SkySQL incorporates the entire MariaDB platform, including MariaDB Enterprise Server, MariaDB ColumnStore and MariaDB MaxScale. The cloud-native system uses Kubernetes for container orchestration; the ServiceNow workflow engine for inventory, configuration and workflow management; Prometheus for real-time monitoring and alerting; and the Grafana open-source analytics and visualization application for data visualization.
Later in 2020 MariaDB added to SkySQL the ability to customize database options and configurations to meet enterprise-class security, high-availability and disaster recovery requirements.
Oracle MySQL Database Service
Oracle acquired the popular MySQL database in 2010 when it bought Sun Microsystems, which had acquired MySQL in 2008.
In December Oracle announced the general availability of MySQL Database Service, a fully managed cloud-based database service that the software giant is pitching as a high-performance, lower-cost alternative to other cloud databases such as the AWS RDS database, Google Cloud SQL and Microsoft Azure SQL database.

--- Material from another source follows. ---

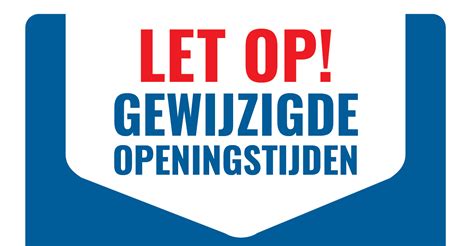 Pasen 2022 gewijzigde openingstijden  Via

While the availability of MySQL as a cloud service is itself significant, Oracle also added the MySQL Analytics Engine to the database. MySQL has traditionally been used for running transaction processing applications, but the addition of the new analytics engine creates a unified database platform for running both OLTP and OLAP analytical workloads.
Splunk Observability Suite
IT system monitoring and management has been one of the biggest markets for Splunk’s machine data management platform. In October, at its virtual .conf20, the company expanded its offerings in that arena when the company debuted the Splunk Observability Suite, a comprehensive line of software for IT and DevOps teams for monitoring, investigating and troubleshooting applications.
Splunk is positioning the suite as a critical set of tools for businesses moving IT workloads to the cloud and undertaking digital transformation initiatives.
The Observability Suite incorporates a number of existing Splunk products for infrastructure monitoring, application performance monitoring, digital experience monitoring, log investigation and incident response into a tightly integrated whole.
The suite also includes technology from two recent acquisitions: Plumbr, an Estonia-based developer of application performance monitoring tools; and Rigor, an Atlanta developer of digital experience monitoring software.